Fukumoto Kazuo
Fukumoto Kazuo (福本和夫); (4.July 1894-16.November 1983) was a Japanese Marxist and one of the most important theoretician of the Japanese Communist Party during the 1920s.
Fukumoto was born in Tottori Prefecture to a moderately prosperous landowning family. He studied law at Tokyo Imperial University and became a lecturer at a high school after graduation. In 1922 he was sent to Europe to study law, there he familiarized himself with Marxism, he also joined the German Communist party. When he returned home in 1924 he joined a small communist group and became an editor for a small magazine simply called Marxism.

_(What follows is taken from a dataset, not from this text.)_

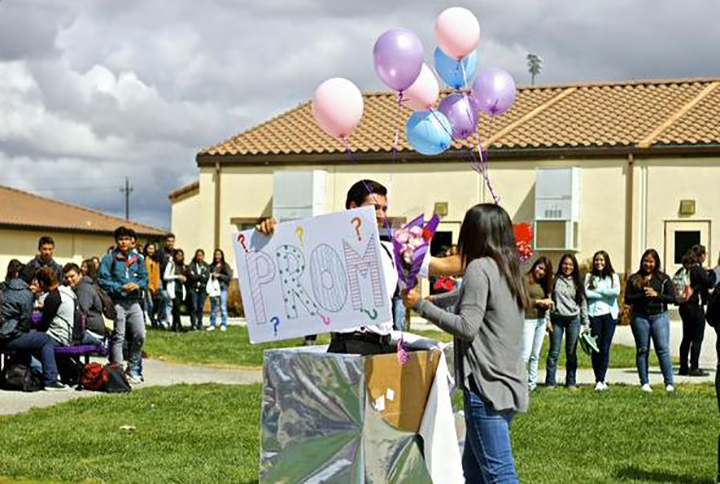Twitter user @stephboss posted this promposal photo last week.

Fukumoto wrote numerous articles and was well known in left-wing circles for his interpretations of Marxism-Leninism and his criticism of other Japanese Marxist scholars, especially Yamakawa Hitoshi and Kawakami Hajime. His writing style was considered complex and he was more interested in the theoretical than the practical aspects of Socialism. Fukumoto called for the separation of “true” Marxist from “false” Marxists and urged the “true” Marxists to concentrate on theoretical struggle. This approach was popular among young intellectuals and was called Fukumotoism, as opposed to the more pragmatic mass-based approach of Yamakawa called Yamakawaism.
Fukumoto´s main contribution was to improve the theoretical foundation of the communist party and the revolution, the dangers in his ideas where however that excessive focus on theory could isolate the party from other left-wing groups. Eventually the Cominterm took the view that this was happening and in 1927 it issued a thesis attacking both Yamakawa and Fukumoto and demanding that the party strive for an immediate two-stage revolution to overthrow the Japanese government, and especially the Emperor system and Diet of Japan, redistribution of wealth and favourable policy with the USSR.
(reference: Beckmann, George M. Okubo, Genji. The Japanese Communist Party 1922-1945, Stanford University Press, Stanford, 1969. p 107-109.)